### [About this task]
All pictures are to be dropped, and everything else in the data duplicated exactly.

### [Material provided]
'''

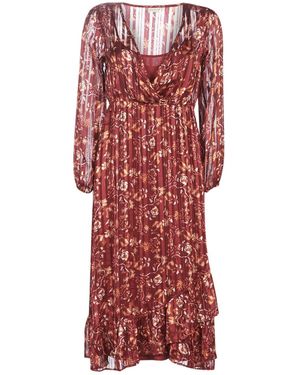 Cream Long Dress Nila - Red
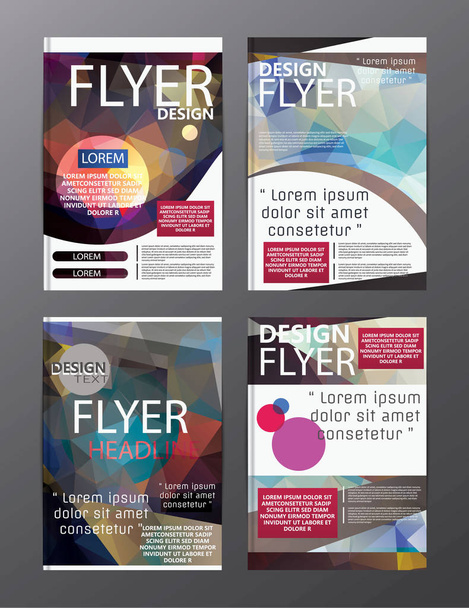 polygon modern broschüre layout design template.flyer leaflet cov - Vektor, Bild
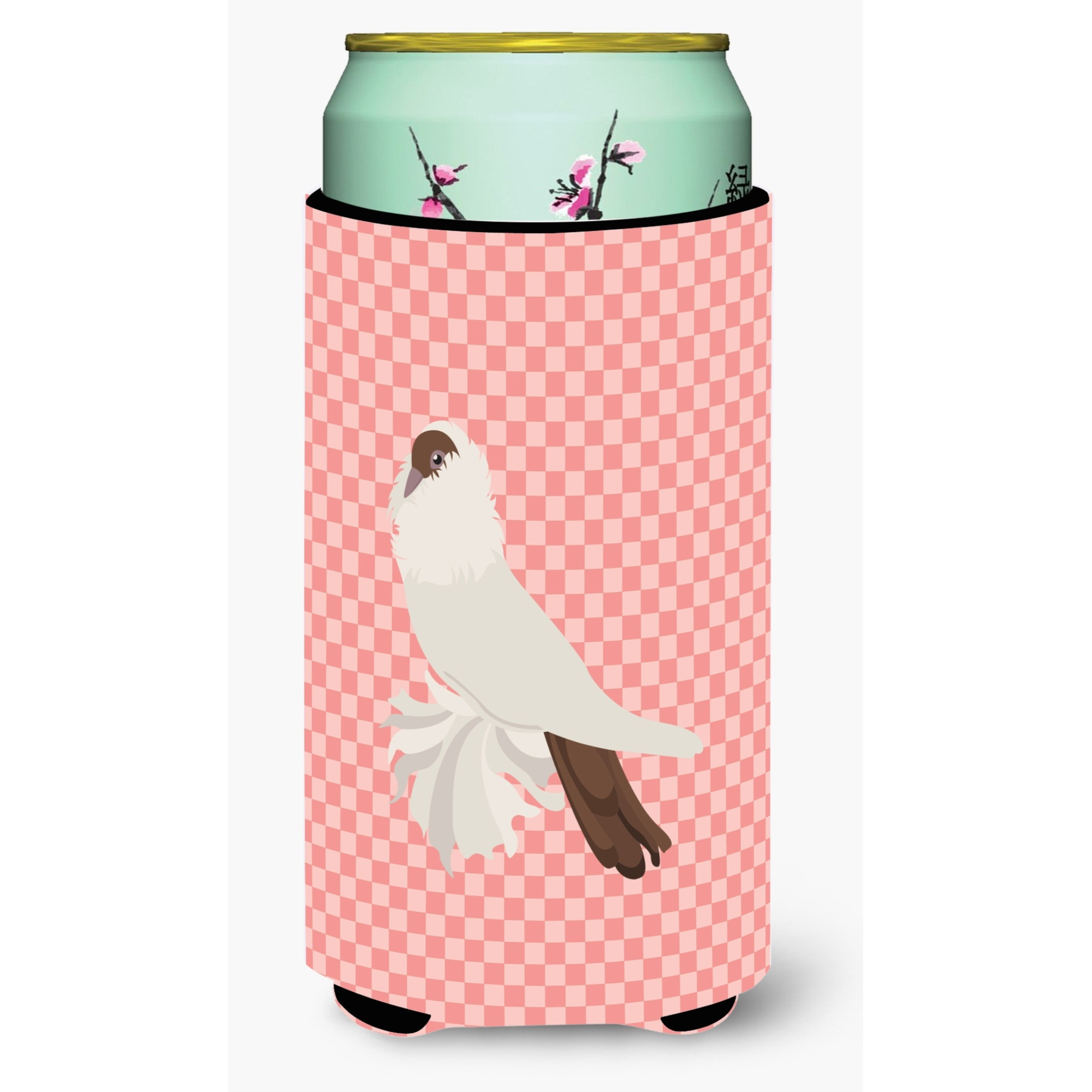 &quotCaroline's Treasures German Helmet Pigeon Pink Check Decorative Can Hugger, Tall Boy, Multicolor"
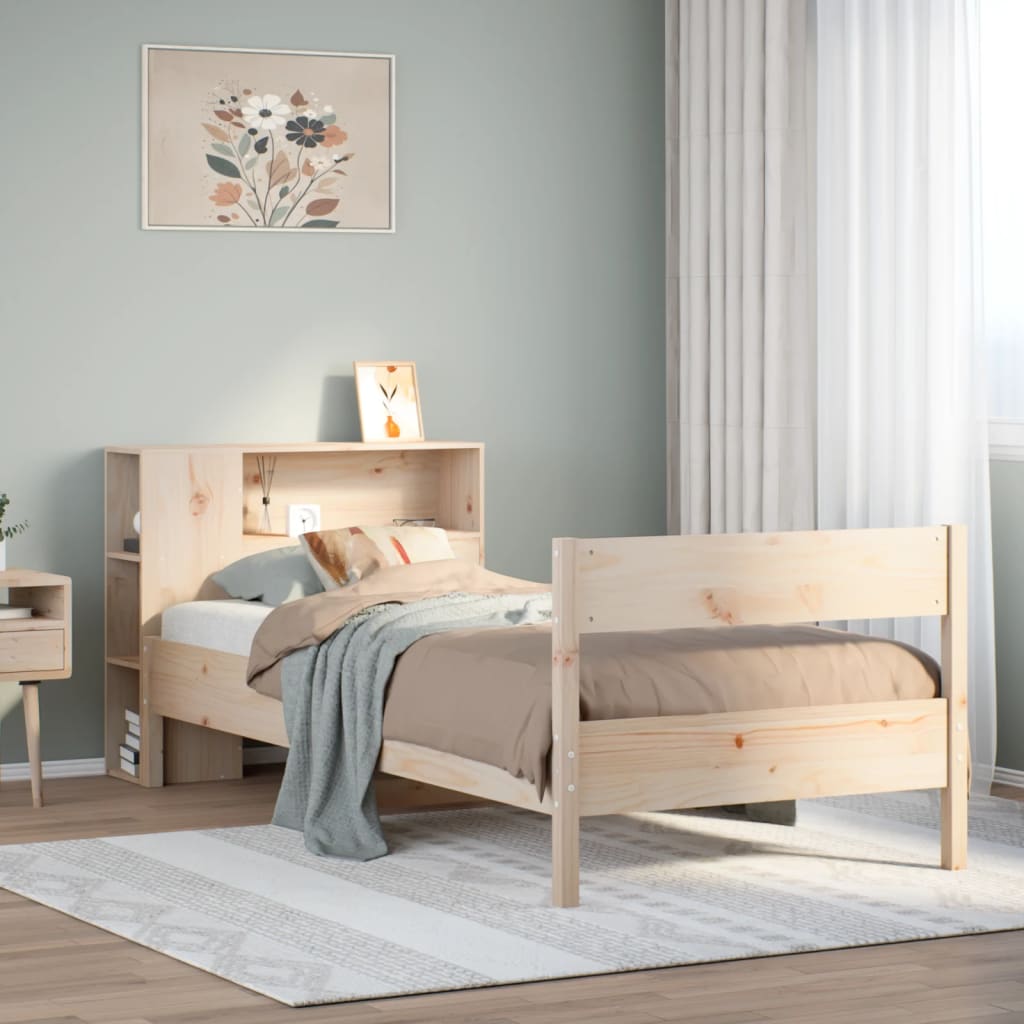 Giroletto con Libreria senza Materasso 75x190 cm in Legno Pino | homemem39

'''

### [Task solution]
 Cream Long Dress Nila - Red
 polygon modern broschüre layout design template.flyer leaflet cov - Vektor, Bild
 &quotCaroline's Treasures German Helmet Pigeon Pink Check Decorative Can Hugger, Tall Boy, Multicolor"
 Giroletto con Libreria senza Materasso 75x190 cm in Legno Pino | homemem39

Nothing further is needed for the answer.